The general government deficit in cash flow terms already almost reached the annual appropriation at the end of August 2023 (97 per cent of it). In September, the finance minister already raised the need to revise the 3.9 per cent of GDP deficit target and take deficit-cutting measures. Although inflation will help reduce the debt-to-GDP ratio in 2023, the cash deficit would increase so much if Budapest Airport were acquired that it would be unlikely to reach the government’s target of 69.7 per cent. (The transaction does not affect the accrual deficit.) Although the government still considers it essential in its rhetoric to achieve a deficit below 3 per cent in 2024, based on the situation and the government’s behaviour so far, GKI expects a higher than planned deficit of around 3.9 per cent in 2024, after 4.7 per cent in 2023.
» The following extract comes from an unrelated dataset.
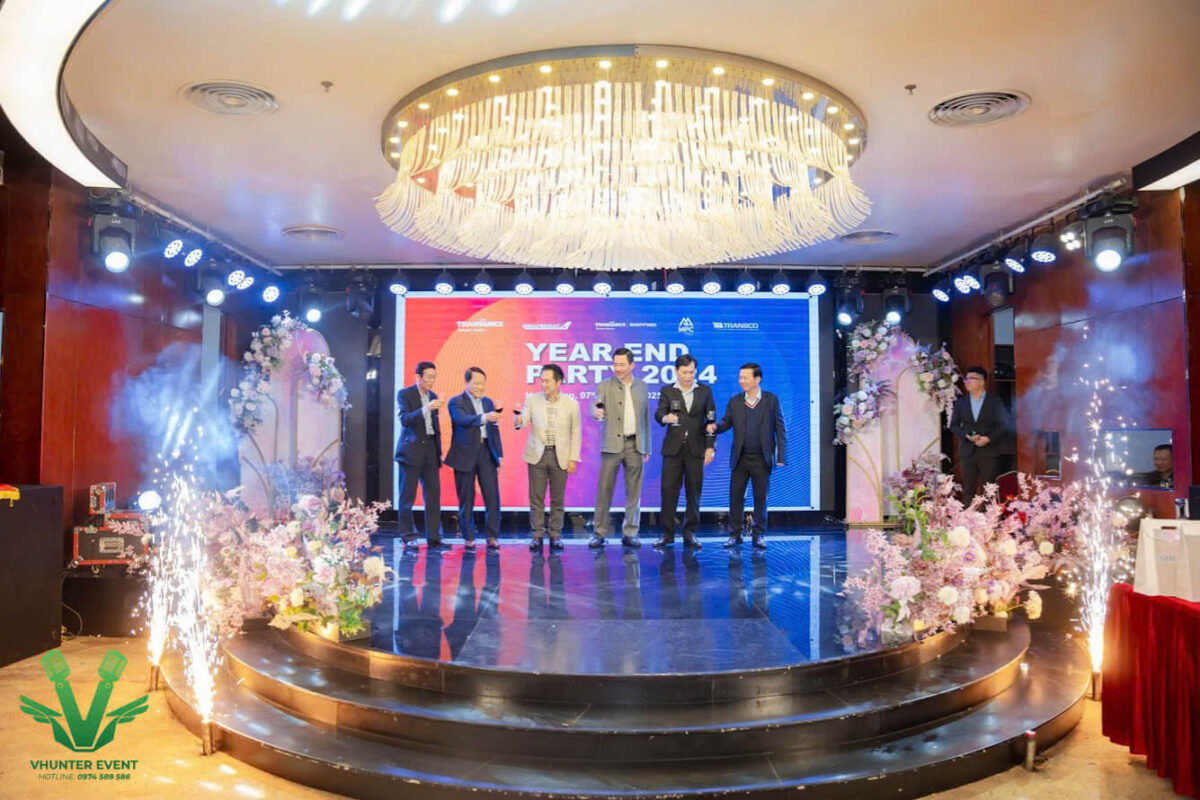 year end party tại Hà Nội của VHunter Event gồm những gì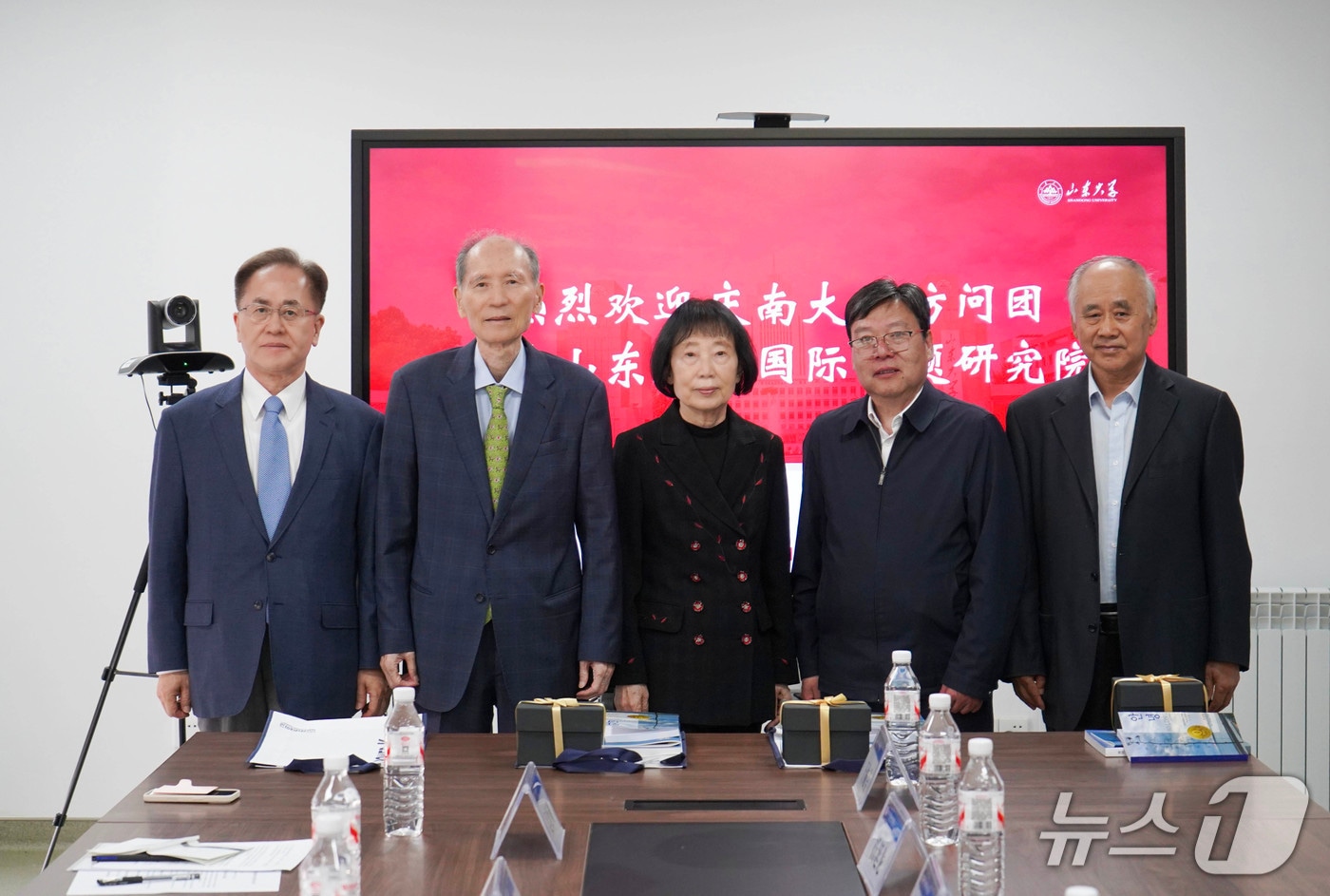 박재규 경남대 총장(왼쪽에서 두번째)이 지난 21일 산동대 위해캠퍼스에서 열린 회의에서 산동대 관계자들과 기념사진을 촬영하고 있다.(경남대 제공. 재판매 및 DB금지)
The external equilibria improved clearly and visibly in the first seven months of the year. After a current account deficit of EUR13.6bn last year, the first seven months of this year brought a surplus of about EUR0.2bn. That is, the asset of the goods and services balance could offset the deficit in the income balance. This is mainly due to the improving energy balance due to the fall in energy prices, lower import demand due to curbing domestic demand, and the rapid increase in Hungarian exports until the slowdown in July. In 2023 as a whole, an asset of around EUR0.5bn is expected, or 0.2 per cent of GDP. It is worrying that the inflow of EU transfers is still minimal (EUR1bn in the first seven months) and no turnaround can be expected this year. The current and capital account balance for the year as a whole could be around EUR2.5bn, or 1.2 per cent of GDP. In 2024, the current account balance could rise to EUR3bn and the current and capital account to EUR7bn, or 1.4 per cent and 3.3 per cent of GDP, respectively. The latter, however, presupposes significant progress in the deal with the EU, which is highly uncertain, and though economic pressure is strong, the Hungarian government’s decisions are driven more by power politics.
Hungary’s credit rating is the worst among the EU’s regional countries, along with Romania. Further downgrading could result above all from a lack of EU reconciliation, both because of the loss of access to a large share of transfers and because of a failure to respect market economy principles. The patience of credit rating agencies is expected to last until the December reviews.